* [About this exercise] Transcribe the full listing word for word, leaving nothing out.
◇ ◇ ◇ ◇ ◇
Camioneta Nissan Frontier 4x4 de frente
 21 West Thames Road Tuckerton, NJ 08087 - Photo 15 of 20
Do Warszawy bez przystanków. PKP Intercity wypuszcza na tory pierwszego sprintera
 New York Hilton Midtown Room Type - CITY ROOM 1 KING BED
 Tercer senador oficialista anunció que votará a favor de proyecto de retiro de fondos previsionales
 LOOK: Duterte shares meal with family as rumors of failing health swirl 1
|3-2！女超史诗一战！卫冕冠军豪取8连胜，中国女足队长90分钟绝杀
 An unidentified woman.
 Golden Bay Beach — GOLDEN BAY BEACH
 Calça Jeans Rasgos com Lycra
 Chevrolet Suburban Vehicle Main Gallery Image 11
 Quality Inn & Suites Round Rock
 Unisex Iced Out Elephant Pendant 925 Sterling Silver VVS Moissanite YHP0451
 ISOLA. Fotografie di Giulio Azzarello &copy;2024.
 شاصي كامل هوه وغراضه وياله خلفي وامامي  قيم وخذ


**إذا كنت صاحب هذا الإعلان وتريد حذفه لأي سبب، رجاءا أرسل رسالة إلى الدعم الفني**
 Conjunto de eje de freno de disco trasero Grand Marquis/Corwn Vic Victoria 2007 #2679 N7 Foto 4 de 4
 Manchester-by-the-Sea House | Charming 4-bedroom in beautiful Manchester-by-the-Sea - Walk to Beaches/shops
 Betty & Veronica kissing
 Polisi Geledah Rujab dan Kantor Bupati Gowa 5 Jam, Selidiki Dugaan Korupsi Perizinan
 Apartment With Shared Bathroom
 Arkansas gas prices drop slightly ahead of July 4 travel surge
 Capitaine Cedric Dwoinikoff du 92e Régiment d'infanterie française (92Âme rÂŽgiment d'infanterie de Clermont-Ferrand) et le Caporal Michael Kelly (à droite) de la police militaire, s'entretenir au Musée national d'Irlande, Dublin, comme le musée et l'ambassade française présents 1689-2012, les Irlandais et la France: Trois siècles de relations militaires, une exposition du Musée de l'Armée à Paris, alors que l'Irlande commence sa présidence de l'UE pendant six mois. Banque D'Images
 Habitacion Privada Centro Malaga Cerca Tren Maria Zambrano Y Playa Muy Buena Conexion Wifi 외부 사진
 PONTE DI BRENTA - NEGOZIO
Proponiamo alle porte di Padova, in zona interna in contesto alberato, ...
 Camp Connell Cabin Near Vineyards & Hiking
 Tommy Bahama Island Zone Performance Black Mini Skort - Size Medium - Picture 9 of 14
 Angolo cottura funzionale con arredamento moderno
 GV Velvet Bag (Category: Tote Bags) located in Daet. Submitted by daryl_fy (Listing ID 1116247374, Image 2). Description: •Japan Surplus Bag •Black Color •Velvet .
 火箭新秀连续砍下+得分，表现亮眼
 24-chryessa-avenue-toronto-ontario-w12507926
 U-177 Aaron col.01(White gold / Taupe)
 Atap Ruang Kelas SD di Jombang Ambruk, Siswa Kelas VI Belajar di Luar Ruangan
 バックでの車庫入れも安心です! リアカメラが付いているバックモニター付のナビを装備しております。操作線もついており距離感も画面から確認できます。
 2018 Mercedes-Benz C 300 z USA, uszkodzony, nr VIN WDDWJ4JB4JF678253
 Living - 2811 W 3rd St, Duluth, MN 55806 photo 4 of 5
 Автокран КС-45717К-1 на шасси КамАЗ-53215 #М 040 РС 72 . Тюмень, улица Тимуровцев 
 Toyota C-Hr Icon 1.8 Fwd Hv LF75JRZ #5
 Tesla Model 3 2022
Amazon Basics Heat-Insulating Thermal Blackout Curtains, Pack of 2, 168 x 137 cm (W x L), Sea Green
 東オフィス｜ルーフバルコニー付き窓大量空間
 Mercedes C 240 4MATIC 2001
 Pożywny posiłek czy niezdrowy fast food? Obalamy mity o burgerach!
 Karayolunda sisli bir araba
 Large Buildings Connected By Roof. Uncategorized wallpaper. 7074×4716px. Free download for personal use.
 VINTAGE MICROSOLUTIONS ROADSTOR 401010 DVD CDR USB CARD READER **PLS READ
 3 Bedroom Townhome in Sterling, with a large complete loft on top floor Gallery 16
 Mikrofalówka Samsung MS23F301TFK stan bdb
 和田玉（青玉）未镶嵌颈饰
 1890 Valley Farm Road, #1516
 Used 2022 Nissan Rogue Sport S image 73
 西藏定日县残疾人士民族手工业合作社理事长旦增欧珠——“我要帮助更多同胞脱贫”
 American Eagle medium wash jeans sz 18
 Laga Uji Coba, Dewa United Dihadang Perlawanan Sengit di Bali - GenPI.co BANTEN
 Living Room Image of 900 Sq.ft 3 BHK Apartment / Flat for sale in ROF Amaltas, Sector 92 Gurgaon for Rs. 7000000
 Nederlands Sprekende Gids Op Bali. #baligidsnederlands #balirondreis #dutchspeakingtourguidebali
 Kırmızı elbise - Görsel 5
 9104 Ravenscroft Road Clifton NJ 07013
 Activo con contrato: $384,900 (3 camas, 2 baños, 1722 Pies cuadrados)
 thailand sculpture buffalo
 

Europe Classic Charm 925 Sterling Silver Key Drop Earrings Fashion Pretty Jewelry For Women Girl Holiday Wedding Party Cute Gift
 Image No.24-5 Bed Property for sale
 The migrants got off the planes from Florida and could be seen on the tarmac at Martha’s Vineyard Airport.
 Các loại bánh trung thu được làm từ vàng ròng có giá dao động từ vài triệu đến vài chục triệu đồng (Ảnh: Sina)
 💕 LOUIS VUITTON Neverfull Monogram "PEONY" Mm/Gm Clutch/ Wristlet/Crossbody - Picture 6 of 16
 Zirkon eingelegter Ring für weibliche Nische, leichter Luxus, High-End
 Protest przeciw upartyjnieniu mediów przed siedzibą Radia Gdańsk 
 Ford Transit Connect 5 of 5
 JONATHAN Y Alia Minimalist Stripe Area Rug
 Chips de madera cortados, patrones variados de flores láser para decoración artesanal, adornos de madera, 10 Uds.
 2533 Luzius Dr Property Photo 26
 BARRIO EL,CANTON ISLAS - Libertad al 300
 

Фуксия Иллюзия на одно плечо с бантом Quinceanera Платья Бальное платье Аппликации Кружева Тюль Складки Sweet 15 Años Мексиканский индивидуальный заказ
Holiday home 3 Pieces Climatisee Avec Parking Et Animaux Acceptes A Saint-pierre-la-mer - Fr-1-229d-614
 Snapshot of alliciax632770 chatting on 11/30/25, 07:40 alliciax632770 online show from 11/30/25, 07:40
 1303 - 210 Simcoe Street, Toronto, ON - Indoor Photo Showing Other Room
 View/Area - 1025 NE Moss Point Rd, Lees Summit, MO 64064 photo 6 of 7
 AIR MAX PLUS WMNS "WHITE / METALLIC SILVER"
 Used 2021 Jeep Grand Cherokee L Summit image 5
◇ ◇ ◇ ◇ ◇
* [Answer]
Camioneta Nissan Frontier 4x4 de frente
 21 West Thames Road Tuckerton, NJ 08087 - Photo 15 of 20
Do Warszawy bez przystanków. PKP Intercity wypuszcza na tory pierwszego sprintera
 New York Hilton Midtown Room Type - CITY ROOM 1 KING BED
 Tercer senador oficialista anunció que votará a favor de proyecto de retiro de fondos previsionales
 LOOK: Duterte shares meal with family as rumors of failing health swirl 1
|3-2！女超史诗一战！卫冕冠军豪取8连胜，中国女足队长90分钟绝杀
 An unidentified woman.
 Golden Bay Beach — GOLDEN BAY BEACH
 Calça Jeans Rasgos com Lycra
 Chevrolet Suburban Vehicle Main Gallery Image 11
 Quality Inn & Suites Round Rock
 Unisex Iced Out Elephant Pendant 925 Sterling Silver VVS Moissanite YHP0451
 ISOLA. Fotografie di Giulio Azzarello &copy;2024.
 شاصي كامل هوه وغراضه وياله خلفي وامامي  قيم وخذ


**إذا كنت صاحب هذا الإعلان وتريد حذفه لأي سبب، رجاءا أرسل رسالة إلى الدعم الفني**
 Conjunto de eje de freno de disco trasero Grand Marquis/Corwn Vic Victoria 2007 #2679 N7 Foto 4 de 4
 Manchester-by-the-Sea House | Charming 4-bedroom in beautiful Manchester-by-the-Sea - Walk to Beaches/shops
 Betty & Veronica kissing
 Polisi Geledah Rujab dan Kantor Bupati Gowa 5 Jam, Selidiki Dugaan Korupsi Perizinan
 Apartment With Shared Bathroom
 Arkansas gas prices drop slightly ahead of July 4 travel surge
 Capitaine Cedric Dwoinikoff du 92e Régiment d'infanterie française (92Âme rÂŽgiment d'infanterie de Clermont-Ferrand) et le Caporal Michael Kelly (à droite) de la police militaire, s'entretenir au Musée national d'Irlande, Dublin, comme le musée et l'ambassade française présents 1689-2012, les Irlandais et la France: Trois siècles de relations militaires, une exposition du Musée de l'Armée à Paris, alors que l'Irlande commence sa présidence de l'UE pendant six mois. Banque D'Images
 Habitacion Privada Centro Malaga Cerca Tren Maria Zambrano Y Playa Muy Buena Conexion Wifi 외부 사진
 PONTE DI BRENTA - NEGOZIO
Proponiamo alle porte di Padova, in zona interna in contesto alberato, ...
 Camp Connell Cabin Near Vineyards & Hiking
 Tommy Bahama Island Zone Performance Black Mini Skort - Size Medium - Picture 9 of 14
 Angolo cottura funzionale con arredamento moderno
 GV Velvet Bag (Category: Tote Bags) located in Daet. Submitted by daryl_fy (Listing ID 1116247374, Image 2). Description: •Japan Surplus Bag •Black Color •Velvet .
 火箭新秀连续砍下+得分，表现亮眼
 24-chryessa-avenue-toronto-ontario-w12507926
 U-177 Aaron col.01(White gold / Taupe)
 Atap Ruang Kelas SD di Jombang Ambruk, Siswa Kelas VI Belajar di Luar Ruangan
 バックでの車庫入れも安心です! リアカメラが付いているバックモニター付のナビを装備しております。操作線もついており距離感も画面から確認できます。
 2018 Mercedes-Benz C 300 z USA, uszkodzony, nr VIN WDDWJ4JB4JF678253
 Living - 2811 W 3rd St, Duluth, MN 55806 photo 4 of 5
 Автокран КС-45717К-1 на шасси КамАЗ-53215 #М 040 РС 72 . Тюмень, улица Тимуровцев 
 Toyota C-Hr Icon 1.8 Fwd Hv LF75JRZ #5
 Tesla Model 3 2022
Amazon Basics Heat-Insulating Thermal Blackout Curtains, Pack of 2, 168 x 137 cm (W x L), Sea Green
 東オフィス｜ルーフバルコニー付き窓大量空間
 Mercedes C 240 4MATIC 2001
 Pożywny posiłek czy niezdrowy fast food? Obalamy mity o burgerach!
 Karayolunda sisli bir araba
 Large Buildings Connected By Roof. Uncategorized wallpaper. 7074×4716px. Free download for personal use.
 VINTAGE MICROSOLUTIONS ROADSTOR 401010 DVD CDR USB CARD READER **PLS READ
 3 Bedroom Townhome in Sterling, with a large complete loft on top floor Gallery 16
 Mikrofalówka Samsung MS23F301TFK stan bdb
 和田玉（青玉）未镶嵌颈饰
 1890 Valley Farm Road, #1516
 Used 2022 Nissan Rogue Sport S image 73
 西藏定日县残疾人士民族手工业合作社理事长旦增欧珠——“我要帮助更多同胞脱贫”
 American Eagle medium wash jeans sz 18
 Laga Uji Coba, Dewa United Dihadang Perlawanan Sengit di Bali - GenPI.co BANTEN
 Living Room Image of 900 Sq.ft 3 BHK Apartment / Flat for sale in ROF Amaltas, Sector 92 Gurgaon for Rs. 7000000
 Nederlands Sprekende Gids Op Bali. #baligidsnederlands #balirondreis #dutchspeakingtourguidebali
 Kırmızı elbise - Görsel 5
 9104 Ravenscroft Road Clifton NJ 07013
 Activo con contrato: $384,900 (3 camas, 2 baños, 1722 Pies cuadrados)
 thailand sculpture buffalo
 

Europe Classic Charm 925 Sterling Silver Key Drop Earrings Fashion Pretty Jewelry For Women Girl Holiday Wedding Party Cute Gift
 Image No.24-5 Bed Property for sale
 The migrants got off the planes from Florida and could be seen on the tarmac at Martha’s Vineyard Airport.
 Các loại bánh trung thu được làm từ vàng ròng có giá dao động từ vài triệu đến vài chục triệu đồng (Ảnh: Sina)
 💕 LOUIS VUITTON Neverfull Monogram "PEONY" Mm/Gm Clutch/ Wristlet/Crossbody - Picture 6 of 16
 Zirkon eingelegter Ring für weibliche Nische, leichter Luxus, High-End
 Protest przeciw upartyjnieniu mediów przed siedzibą Radia Gdańsk 
 Ford Transit Connect 5 of 5
 JONATHAN Y Alia Minimalist Stripe Area Rug
 Chips de madera cortados, patrones variados de flores láser para decoración artesanal, adornos de madera, 10 Uds.
 2533 Luzius Dr Property Photo 26
 BARRIO EL,CANTON ISLAS - Libertad al 300
 

Фуксия Иллюзия на одно плечо с бантом Quinceanera Платья Бальное платье Аппликации Кружева Тюль Складки Sweet 15 Años Мексиканский индивидуальный заказ
Holiday home 3 Pieces Climatisee Avec Parking Et Animaux Acceptes A Saint-pierre-la-mer - Fr-1-229d-614
 Snapshot of alliciax632770 chatting on 11/30/25, 07:40 alliciax632770 online show from 11/30/25, 07:40
 1303 - 210 Simcoe Street, Toronto, ON - Indoor Photo Showing Other Room
 View/Area - 1025 NE Moss Point Rd, Lees Summit, MO 64064 photo 6 of 7
 AIR MAX PLUS WMNS "WHITE / METALLIC SILVER"
 Used 2021 Jeep Grand Cherokee L Summit image 5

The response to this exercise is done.